Task item: Reproduce each line of the listing exactly.

Data section:
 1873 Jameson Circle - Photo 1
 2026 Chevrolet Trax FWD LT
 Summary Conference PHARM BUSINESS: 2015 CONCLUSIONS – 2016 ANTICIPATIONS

Result:
 1873 Jameson Circle - Photo 1
 2026 Chevrolet Trax FWD LT
 Summary Conference PHARM BUSINESS: 2015 CONCLUSIONS – 2016 ANTICIPATIONS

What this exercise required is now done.